DATA Block Start

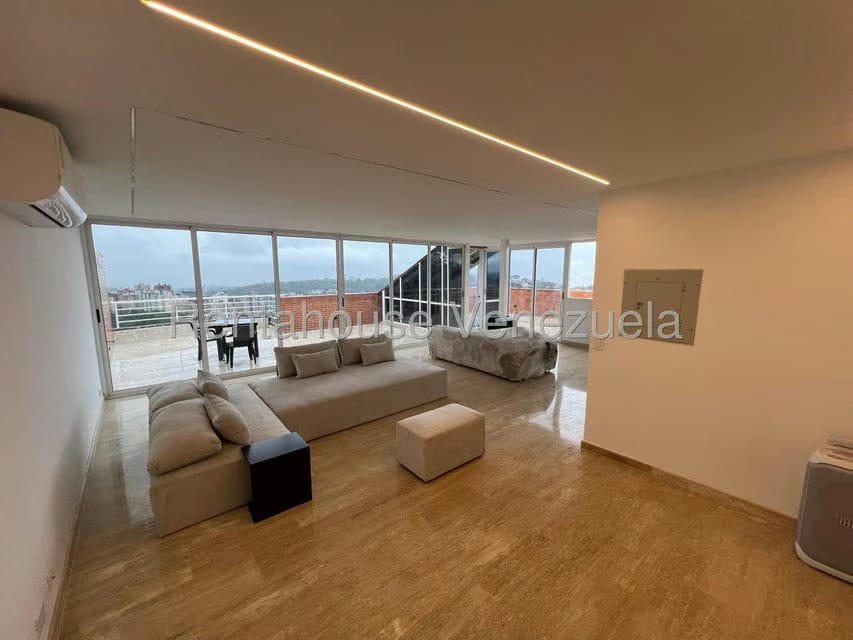 Apartamento (1 Nivel) en Venta en Lomas del Sol, Distrito Metropolitano - 26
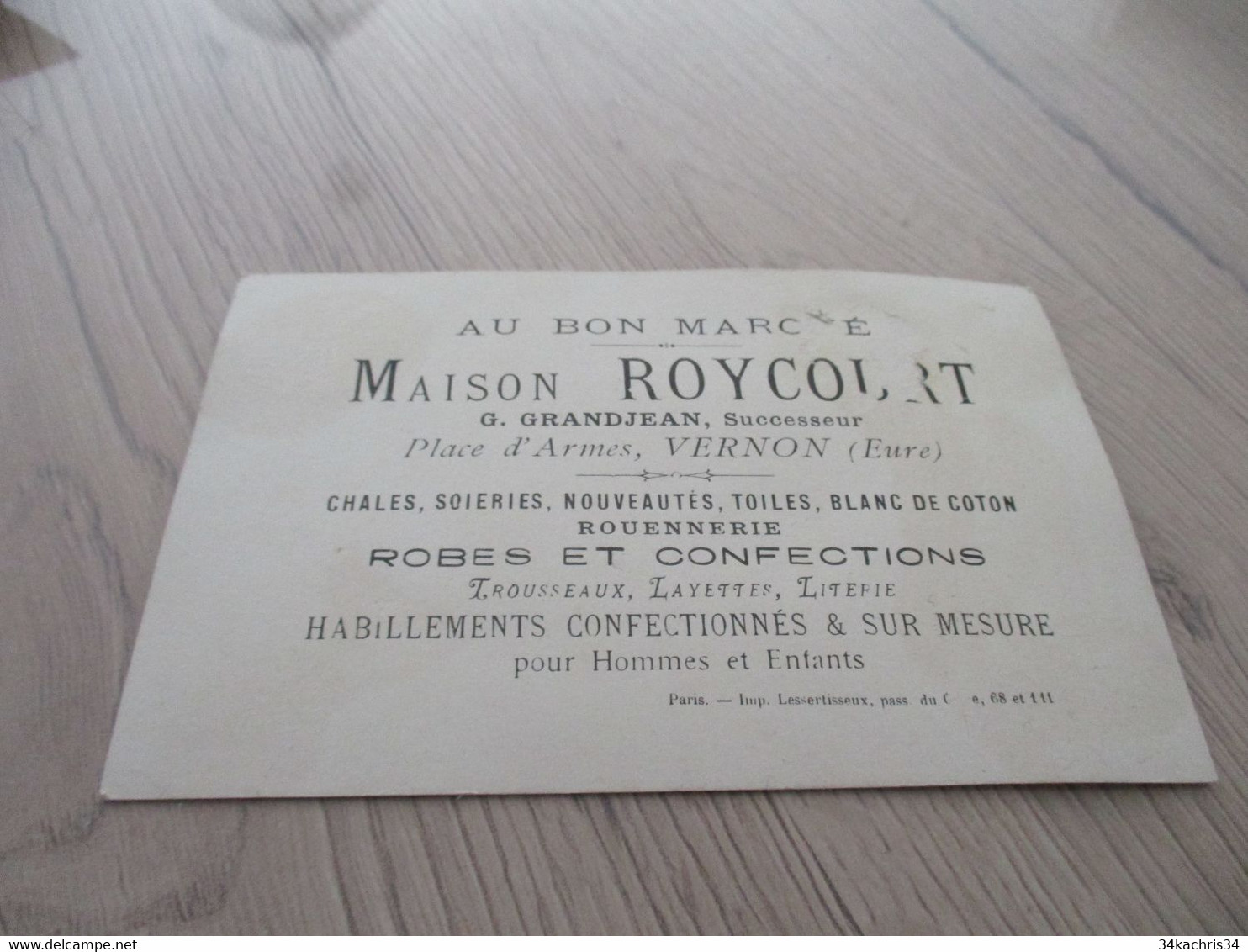 Chromo Ancien Au Bon Marché Maison Roycourt Vernon Eure  Robes Et Confections Monaco Exposition Universelle 1889 - Au Bon Marché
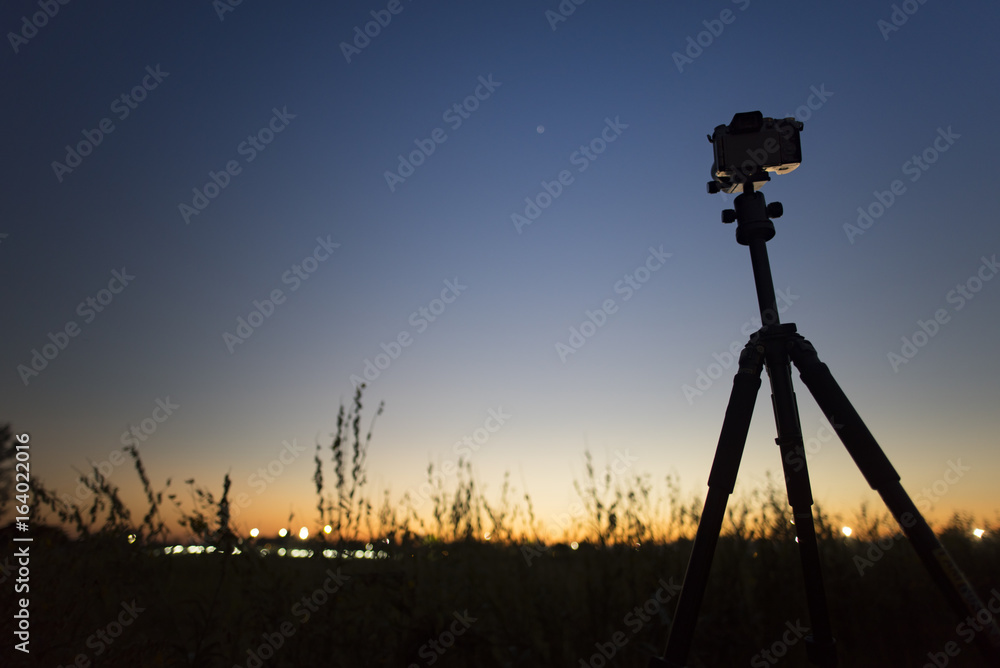 DSLR Camera take a sunset picture DSLR Camera take a sunset picture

DATA Block End

◆ **EXERCISE OBJECTIVE**
Quote the data above in full, leaving out the pictures it holds.

◆ **TASK RESPONSE**
 Apartamento (1 Nivel) en Venta en Lomas del Sol, Distrito Metropolitano - 26
 Chromo Ancien Au Bon Marché Maison Roycourt Vernon Eure  Robes Et Confections Monaco Exposition Universelle 1889 - Au Bon Marché
 DSLR Camera take a sunset picture DSLR Camera take a sunset picture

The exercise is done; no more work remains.